Hey motherfuckers step up
Who’s gonna motherfucking step up?
Based on the buzz surrounding Peaches and The Teaches of Peaches, she landed a European contract with Sony. Throwing their marketing weight behind the single “Set It Off” proved effective as it landed Peaches a top forty hit.
The song was big enough to get Peaches a slot on the influential British television show Top of the Pops.
In what should surprise no one, when Peaches taped her segment for Top of the Pops, it was deemed too racy to air.
Riding high on the success of “Set It Off”, a big-budget video was made.
The concept for the big-budget video had Peaches sitting in a locker room as her pubic hair and armpit hair grew to Rapunzel length.
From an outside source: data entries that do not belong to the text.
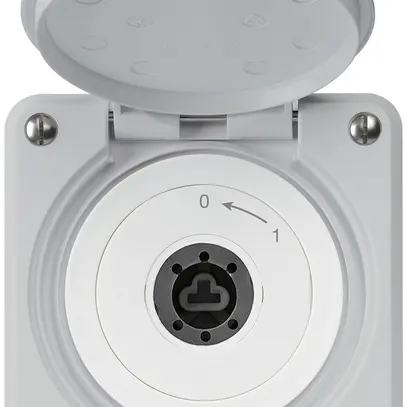 Contatto rotativo a chiave INC robusto IP55 grigio c.coperchio senza cilindro 1P 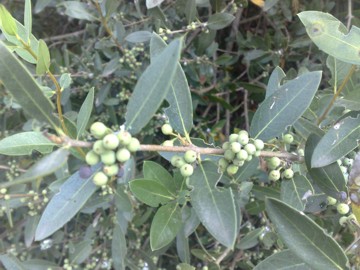 Arbusto con piccoli frutti - Phillyrea latifolia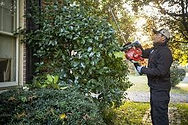 pruning.jpeg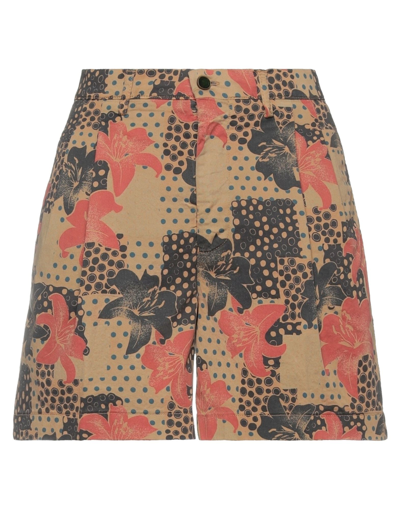 Berwich Woman Shorts & Bermuda Shorts Beige Size 2 Cotton, Elastane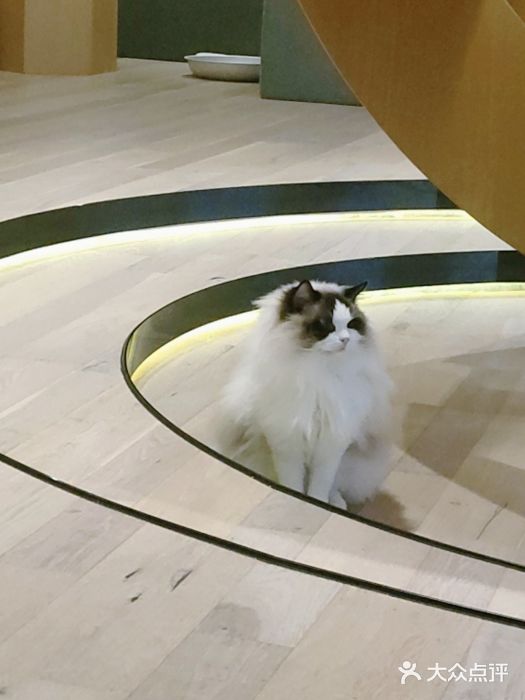 CAT’S MEWSTAR CAFE·喵星球猫屋(晴湾咖啡店)图片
Sony subsequently dropped Peaches.
Set It Off
Mother fuckers want to get with me
Lay with me, love with me, all right
Mother fuckers want to get with me
Lay with me, love with me, all right
Mother fuckers want to get with me
Lay with me, love with me, all right
C’mon let’s set it off, c’mon let’s set it off
You know it, you love it
You got it, you want it
You know it, you love it
You got it
Mother fuckers want to get with me
Lay with me, love with me, all right
C’mon let’s set it off, c’mon let’s set it off
You know it, you love it
You got it, you want it
You know it, you love it
You got it
C’mon lets set it off
Set it off
Set it off
Set if off
Mother fuckers want to get with me
Lay with me, love with me, all right
C’mon let’s set it off, c’mon let’s set it off
Critics loved The Teaches of Peaches:
Trey Anastasio of the band Phish called the album the “greatest album ever”.
Robert Christgau gave it a B- saying: “Not cock-rock, bukkake-rock. And though you may be lucky enough not to know what that means, Peaches had better. Doesn’t matter whether she’s a performance artist, a concept rocker, a bored schoolteacher, or an ex-pat with a gimmick.”
The Teaches of Peaches was included on The Guardian’s 100 Best Albums of the 21st Century list.
Heather Phares from AllMusic said: “Funny, sexy, outrageous, and danceable (not to mention endlessly quotable) all at once, The Teaches of Peaches is a great introduction to a unique artist who defines herself by gleefully blurring boundaries.”
In 2015, the album was named the winner in the 2000s category of the inaugural Slaight Family Polaris Heritage Prize, the annual Canadian music award for classic albums released before the creation of the Polaris Music Prize.
Don’t be fooled by the seemingly rudimentary sound of The Teaches of Peaches. When Professor Peaches is teaching, there is always much to be learned.